Cop Shoot Cop formed out of the ashes of noisemasters Dig Dat Hole and exceedingly confrontational junk-blues potentates Black Snakes (a band that counted among its members transgressive filmmaker Richard Kern). The quartet wasted no time establishing a reputation for sonic fuckery through use of sheet-metal percussion and guitar disavowal (Ashley and Jack Natz both play bass, with the former taking credit for “high end” version of the instrument). The early self-released EPs move with a decidedly mechanical grind, but sidestep industrial pigeonholing thanks to the inventive found-sound sampling of “Cripple” Jim Filer. The wall-of-noise sampling, odd stuttered timings and belligerent anti-structures illustrate a conceptual ambition underscored by such psychotic psychedelic sound collages as “Disconnected 666,” somewhat less structurally/sonically intricate than Pere Ubu’s “Sentimental Journey” but drawn from the same dark core of industrial paranoia.
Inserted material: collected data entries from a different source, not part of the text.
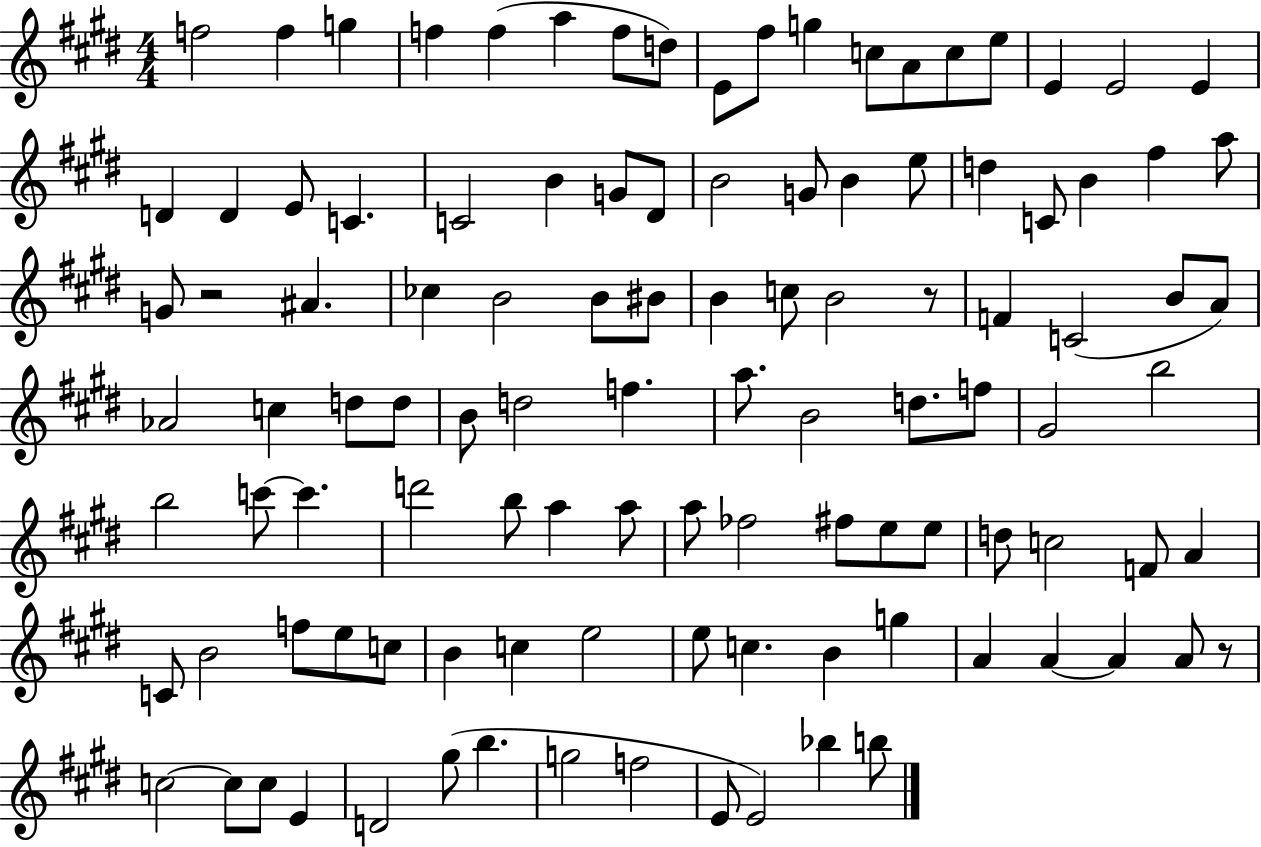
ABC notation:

X:1
T:Untitled
M:4/4
L:1/4
K:E
f2 f g f f a f/2 d/2 E/2 ^f/2 g c/2 A/2 c/2 e/2 E E2 E D D E/2 C C2 B G/2 ^D/2 B2 G/2 B e/2 d C/2 B ^f a/2 G/2 z2 ^A _c B2 B/2 ^B/2 B c/2 B2 z/2 F C2 B/2 A/2 _A2 c d/2 d/2 B/2 d2 f a/2 B2 d/2 f/2 ^G2 b2 b2 c'/2 c' d'2 b/2 a a/2 a/2 _f2 ^f/2 e/2 e/2 d/2 c2 F/2 A C/2 B2 f/2 e/2 c/2 B c e2 e/2 c B g A A A A/2 z/2 c2 c/2 c/2 E D2 ^g/2 b g2 f2 E/2 E2 _b b/2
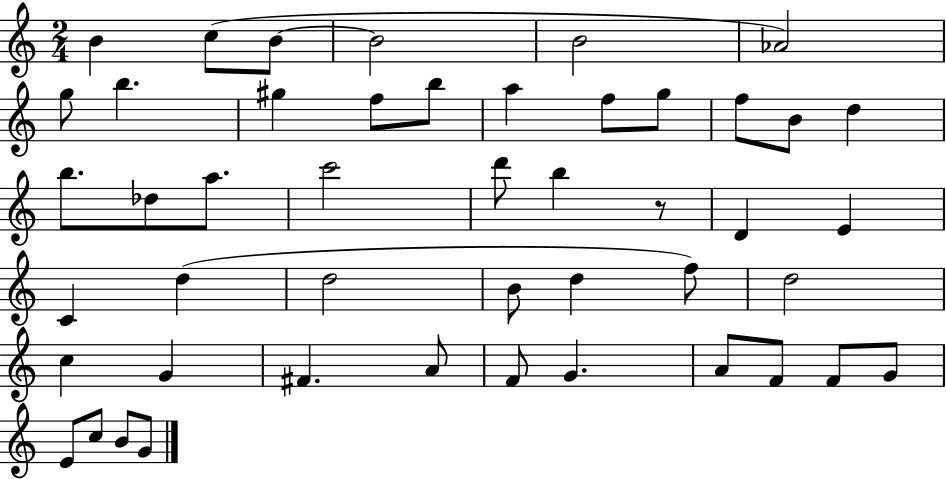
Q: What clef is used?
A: treble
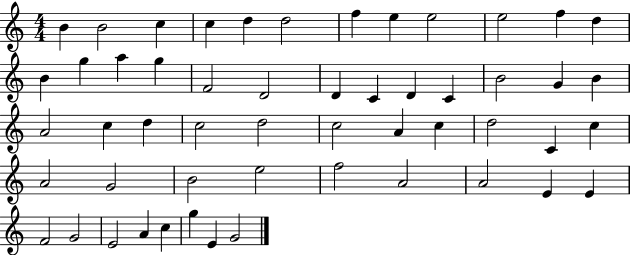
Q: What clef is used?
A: treble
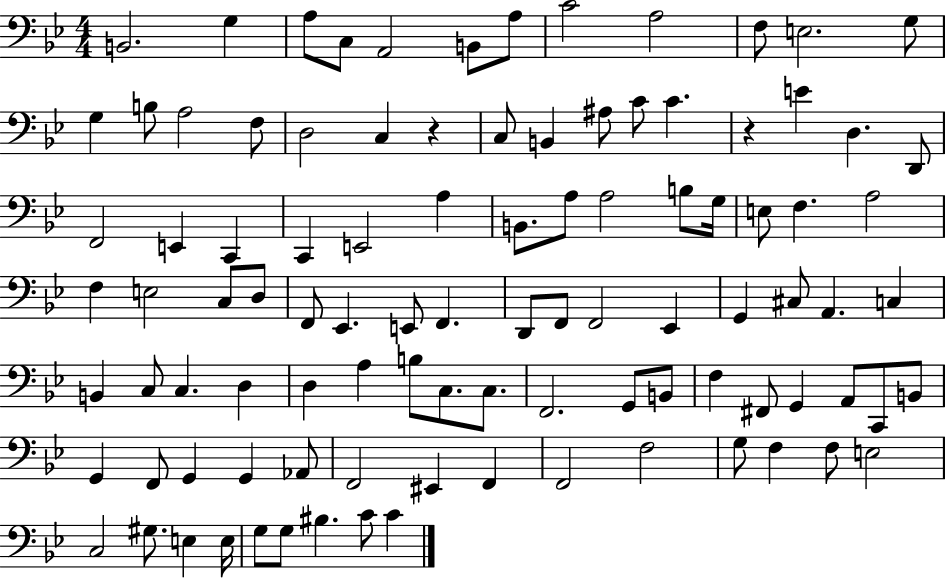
B2/h. G3/q A3/e C3/e A2/h B2/e A3/e C4/h A3/h F3/e E3/h. G3/e G3/q B3/e A3/h F3/e D3/h C3/q R/q C3/e B2/q A#3/e C4/e C4/q. R/q E4/q D3/q. D2/e F2/h E2/q C2/q C2/q E2/h A3/q B2/e. A3/e A3/h B3/e G3/s E3/e F3/q. A3/h F3/q E3/h C3/e D3/e F2/e Eb2/q. E2/e F2/q. D2/e F2/e F2/h Eb2/q G2/q C#3/e A2/q. C3/q B2/q C3/e C3/q. D3/q D3/q A3/q B3/e C3/e. C3/e. F2/h. G2/e B2/e F3/q F#2/e G2/q A2/e C2/e B2/e G2/q F2/e G2/q G2/q Ab2/e F2/h EIS2/q F2/q F2/h F3/h G3/e F3/q F3/e E3/h C3/h G#3/e. E3/q E3/s G3/e G3/e BIS3/q. C4/e C4/q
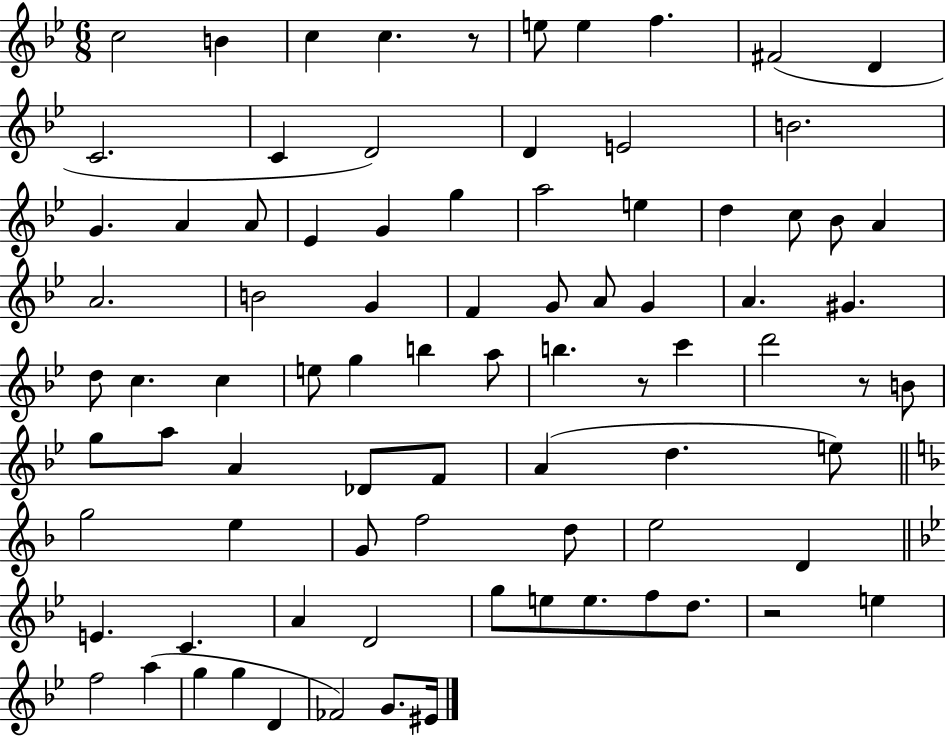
C5/h B4/q C5/q C5/q. R/e E5/e E5/q F5/q. F#4/h D4/q C4/h. C4/q D4/h D4/q E4/h B4/h. G4/q. A4/q A4/e Eb4/q G4/q G5/q A5/h E5/q D5/q C5/e Bb4/e A4/q A4/h. B4/h G4/q F4/q G4/e A4/e G4/q A4/q. G#4/q. D5/e C5/q. C5/q E5/e G5/q B5/q A5/e B5/q. R/e C6/q D6/h R/e B4/e G5/e A5/e A4/q Db4/e F4/e A4/q D5/q. E5/e G5/h E5/q G4/e F5/h D5/e E5/h D4/q E4/q. C4/q. A4/q D4/h G5/e E5/e E5/e. F5/e D5/e. R/h E5/q F5/h A5/q G5/q G5/q D4/q FES4/h G4/e. EIS4/s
Harking back in some ways to the days of New York no wave, Cop Shoot Cop score three toes idiot, seven toes savant on Piece Man — an improvement over Headkick Facsimile‘s ratio of five to five.
Consumer Revolt (which disappeared almost instantly after its initial release on a flimsy Long Island indie) finds Ashley formulating a barbed, whipsmart perspective on American society, accented by fractured backing tracks that always manage to fall away when the frontman is about to deliver his punchline. Black humor beats black metal any day.
Passing judgments like “Injustice is never an accident/Repression is only a state of mind” (“Traitor/Martyr”) on the shapely, song-strong White Noise suggest that there is a moral gyroscope to all this. Still, Ashley saves his best lines for the usual topics: “Corporate Protopop” (foreshadowing an obsession that would get further consideration on the next release) promises “Your needs are our main concern” and urges consumers to “nurture your desires…cultivate your desires…let them grow and flower into the blossom that is greed.”
In characteristic fashion, Suck City steamrolls anyone who’d cry “major-label sellout” by shamelessly presenting the four-song EP as just that: A sleeve line even suggests that buyers should “file under ’90s nostalgia.” Although most of the material is subdued, almost funereal, the title track swings with an exaggerated swagger as Ashley unravels a self-mocking, post-“Truckin’ ” bio (“We’ll be history by 34 / There’s always the reunion tour…suck city, here we come”) that should put the tired genre to rest once and for all. The ensuing Ask Questions Later maintains that acrimony, wrapping Ashley’s ever-virulent neo-anarchist rhetoric (which proves particularly potent on “$10 Bill” and “Got No Soul”) in elaborate arrangements that employ a three-man horn section keyed by trombonist David Ouimet.
For Release, the band broke with (or caved in to) tradition by adding a guitarist, Steve McMillen, even though the still-bass-heavy sound of songs like “Interference” and the Mancini-on-methadone “Last Legs” indicates they don’t seem to have found a lot for him to do. Nevertheless, the crisper overall sound and scrupulous inclusion of previously superfluous frills like easy hooks and singalong choruses (“It Only Hurts When I Breathe” strives oh-so-hard for anthemic status) paint a picture of a band sneaking surreptitiously toward the mainstream.
After playing in a nascent version of Cop Shoot Cop, David Ouimet formed Motherhead Bug, a purposefully disconcerting industrial orchestra. On Zambodia, the free-flowing aggregation appears as a nine-piece, with three drummers, two string players and a horn trio carving out rough-hewn noisebursts. The instrumentation and Ouimet’s theatrical vocals lend a decadent grandeur to Weill-esque numbers like “Demon Erection” and “My Sweet Milstar.” It may be burlesque, but it’s still pretty scary stuff.